A JazzTech passou pelo momento de oba-oba no mercado financeiro com o pé no chão. A plataforma de infraestrutura financeira white label para empresas foi fundada pelo ex-Rio Bravo Investimentos José Roberto Kracochansky, após vender a Unik para o grupo WEX.

“Quando a gente começou, achava que não era para mim. Não conseguia ter um discurso de cash burning como os jovens, algo que estava muito em alta na época. Às vezes a ignorancia é uma benção: quando se desconhece o risco, é mais fácil se permitir ser ousado”, diz Kracochansky, CEO e fundador da JazzTech. “A criatividade é bacana, mas precisa ser balanceada. Aqui a gente fez isso contratando muita gente nova. Fica uma combinação boa.”

Até porque, se o founder está cada vez mais maduro, não dá para dizer o mesmo das equipes. As starups ainda contam com times enxutos e formados por jovens com pouca experiência no mercado. “Nem tudo é positivo.
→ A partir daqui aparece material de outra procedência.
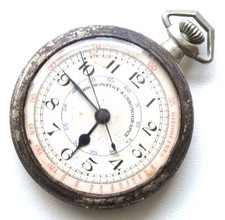 VINTAGE SWISS POCKET WATCH CHRONOMETRE CHRONOGRAPHE WORKS NICE ROSKOPF DESIGN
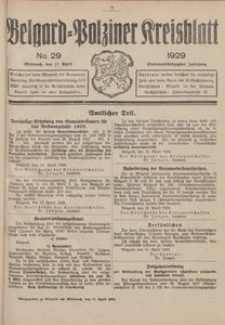 Belgard-Polziner Kreisblatt, 1929, Nr 29
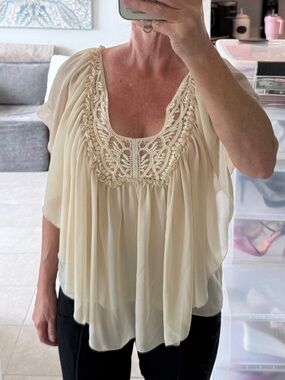 Victoria's Secret Cream Crochet-Trim Flowing Blouse
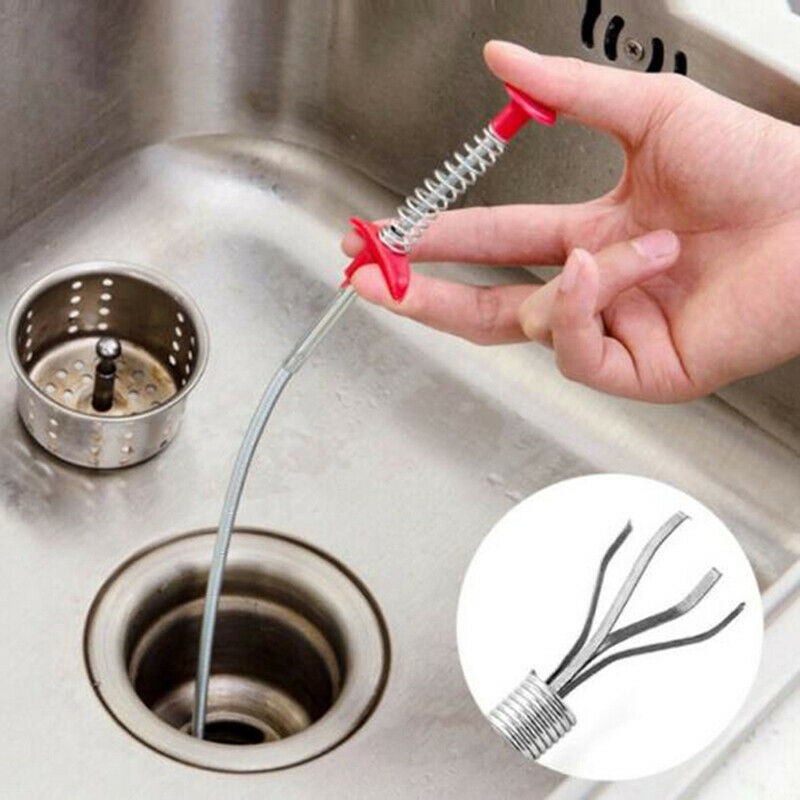 Metal Hand Kitchen Sink Cleaning Hook Sewer Dredging Device Spring Pipe Hair IE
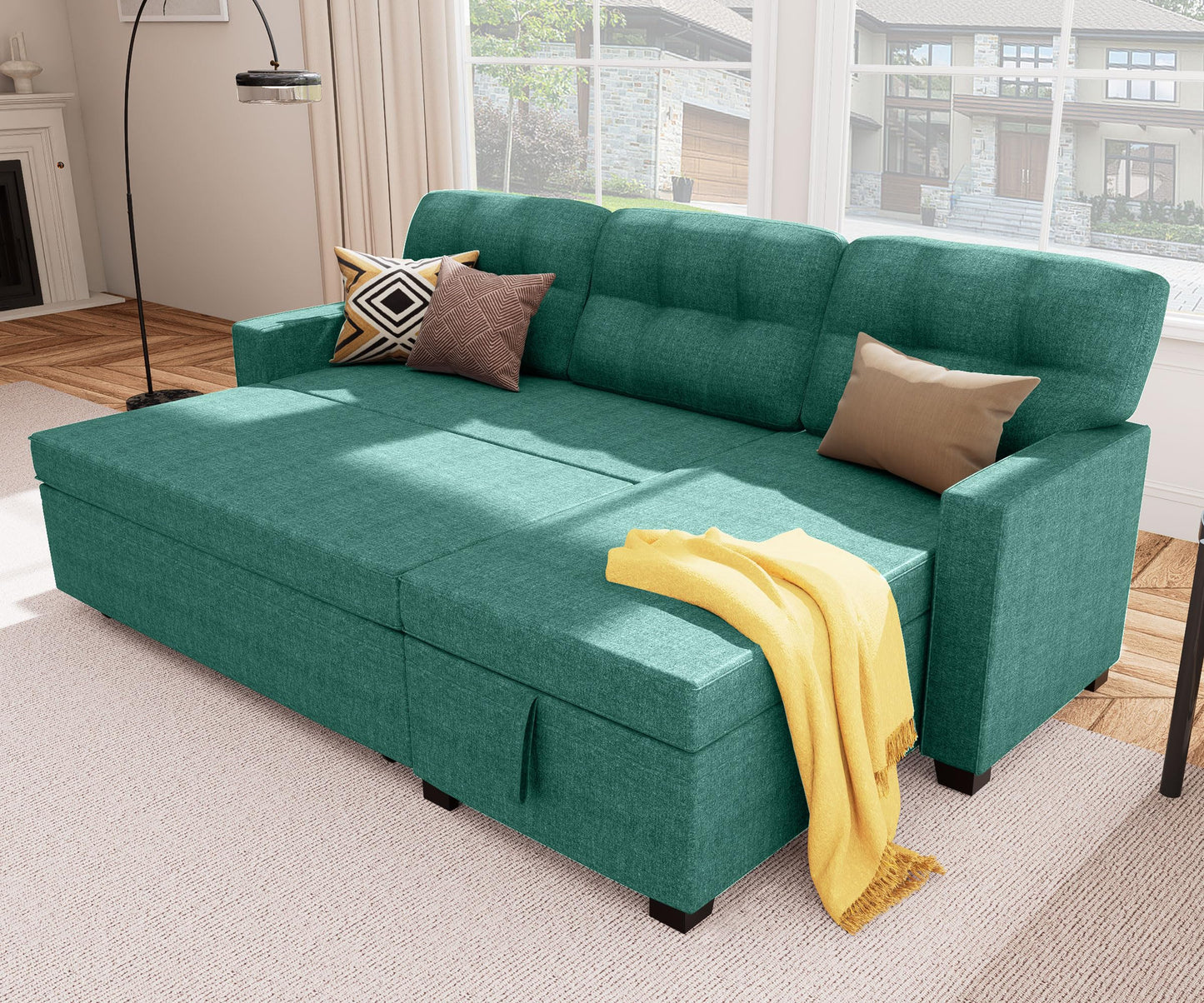 Reversible Sectional Sofa Couch, Sleeper Sofa Bed with Storage Chaise Pull Out Couch for Living Room | Hidden Stroge | Pull Out Bed | Removable Backrest | Linen Fabric, Beige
Aqui eu faço planilha no Excel, comercial, de tudo um pouco. É muito diferente do que eu era acostumado a fazer quando administrava empresas com mais de 4 mil funcionários”, compara Newton Maia, fundador e CEO da Principia.

Maia fundou a Principia para apoiar as faculdades privadas na gestão financeira e retenção de alunos, depois de anos de experiência no setor de educação em uma carreira que tem passagem pela McKinsey e Advent. Há pouco mais de um ano em operação, a startup já fatura cerca de R$ 50 milhões e adquiriu, recentemente, a Provi, de crédito estudantil. Há alguns meses, a empresa captou R$ 200 milhões numa rodada mista de equity e FIDC liderada pela Valor Capital, com participação da ARC Capital, Spectra, Supera e FJ Labs.

“A questão de atrair investimentos acredito que tenha muito mais a ver com os próprios ciclos do mercado de venture capital. O que eu vejo como determinante para mitigar risco e a operação ter sucesso é o que chamamos de ‘founder market fit’. Ou seja, o empreendedor precisa conhecer muito o mercado em que está atuando, independentemente da idade.”